Для исследования активности энзимов чаще всего используется плазма или сыворотка крови. В процессе свертывания крови и последующей ретракции кровяного сгустка высвобождаются биологически активные вещества тромбоцитов, под влиянием которых возрастает активность многих ферментов. Разрушение форменных элементов крови (эритроцитов) обусловливает дальнейшее повышение их активности. Поэтому, например, при исследовании лактатдегидрогеназы (ЛДГ) рекомендуется не допускать гемолиза. Хранение сыворотки сопровождается снижением функциональной способности энзимов. Для большинства из них активность не изменяется при комнатной температуре в течение 6-8 часов. Известно, что многие антикоагулянты изменяют деятельность ферментов. Установлено, что оксалаты подавляют активность ЛДГ, а салицилаты, наоборот, повышают работу аминотрансфераз.

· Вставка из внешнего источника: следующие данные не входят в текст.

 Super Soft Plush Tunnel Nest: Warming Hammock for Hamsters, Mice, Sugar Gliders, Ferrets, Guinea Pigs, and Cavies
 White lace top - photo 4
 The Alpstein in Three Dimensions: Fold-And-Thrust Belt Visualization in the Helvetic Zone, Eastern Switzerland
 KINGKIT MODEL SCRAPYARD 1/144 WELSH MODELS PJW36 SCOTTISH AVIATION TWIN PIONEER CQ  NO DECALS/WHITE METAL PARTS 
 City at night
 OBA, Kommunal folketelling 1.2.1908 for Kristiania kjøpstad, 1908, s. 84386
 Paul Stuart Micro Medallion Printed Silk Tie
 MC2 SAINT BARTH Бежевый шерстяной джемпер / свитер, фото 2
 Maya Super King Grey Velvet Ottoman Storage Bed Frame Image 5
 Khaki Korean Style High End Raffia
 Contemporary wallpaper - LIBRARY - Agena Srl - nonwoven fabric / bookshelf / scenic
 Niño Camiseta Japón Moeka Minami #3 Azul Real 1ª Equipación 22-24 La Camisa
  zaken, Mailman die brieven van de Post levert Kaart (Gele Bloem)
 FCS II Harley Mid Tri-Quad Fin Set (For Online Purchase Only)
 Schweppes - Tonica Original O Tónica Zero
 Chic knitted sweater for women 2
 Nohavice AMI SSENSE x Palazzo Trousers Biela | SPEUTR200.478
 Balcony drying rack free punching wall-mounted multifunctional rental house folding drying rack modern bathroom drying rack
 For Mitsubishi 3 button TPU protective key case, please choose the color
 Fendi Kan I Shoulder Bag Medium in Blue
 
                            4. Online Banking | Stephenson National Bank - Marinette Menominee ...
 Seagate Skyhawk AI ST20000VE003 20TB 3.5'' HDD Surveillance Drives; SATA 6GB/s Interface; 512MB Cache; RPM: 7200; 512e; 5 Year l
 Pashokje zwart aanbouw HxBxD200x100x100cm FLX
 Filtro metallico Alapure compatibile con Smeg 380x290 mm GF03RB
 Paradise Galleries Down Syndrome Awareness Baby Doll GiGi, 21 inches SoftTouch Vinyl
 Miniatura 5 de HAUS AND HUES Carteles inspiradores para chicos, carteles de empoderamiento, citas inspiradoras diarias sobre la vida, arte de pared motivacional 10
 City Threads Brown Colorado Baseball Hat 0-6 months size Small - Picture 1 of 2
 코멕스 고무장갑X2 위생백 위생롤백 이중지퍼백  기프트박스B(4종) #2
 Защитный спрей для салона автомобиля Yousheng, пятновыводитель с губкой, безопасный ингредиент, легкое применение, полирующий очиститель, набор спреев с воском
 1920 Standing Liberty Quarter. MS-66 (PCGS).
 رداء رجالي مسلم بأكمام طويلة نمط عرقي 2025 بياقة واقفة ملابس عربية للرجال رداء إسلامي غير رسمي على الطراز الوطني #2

В клинико-диагностических лабораториях методы определения активности ферментов могут быть разделены на две основные группы:

а) состоящие в определении конечного продукта, образовавшегося после известного периода инкубации ферментного препарата (обычно сыворотки) с субстратом в соответствующем буфере. Выполняется путём измерения опытной и контрольной проб. Для этого используется специальная химическая реакция, и учет оптической плотности может быть произведён на обычном фотоэлектроколориметре или на специальных лабораторных анализаторах.

б) методы, с помощью которых в ходе ферментативной реакции непрерывно или периодически определяют потребление субстрата, кофермента или образование метаболита. Это чаще всего используется в экспериментальных лабораториях.

Активность ферментов выражается количеством разрушенного субстрата или образованного в ходе реакции продукта (в моль, ммоль, мкмоль) в пересчёте на один литр сыворотки (плазмы) крови при температуре 37, 30, 25˚ С (SI), либо в международных единицах (Е/л, U/l), а также в каталах (долях катала) на литр, например, мккат/л. Одна единица (U) какого-либо энзима есть то его количество, которое катализирует трансформацию 1 мкмоль субстрата за 1 мин при определенных условиях.

Ферментативный состав биологических субстратов.

Клетка - сложнофункциональная система, регулирующая своё жизнеобеспечение. Многообразие функций клетки обеспечивается пространственной регуляцией определённых метаболических путей. Пространственная регуляция связана со строгой локализацией определённых ферментов в различных органеллах. Так, в ядре находятся ферменты, связанные с синтезом молекул ДНК и РНК, в цитоплазме - ферменты гликолиза, в лизосомах - гидролитические ферменты, в матриксе митохондрий - ферменты ЦТК, во внутренней мембране митохондрий - ферменты цепи переноса электронов и т.д.

Такая субклеточная локализация ферментов способствует упорядоченности биохимических процессов и увеличивает скорость обмена веществ.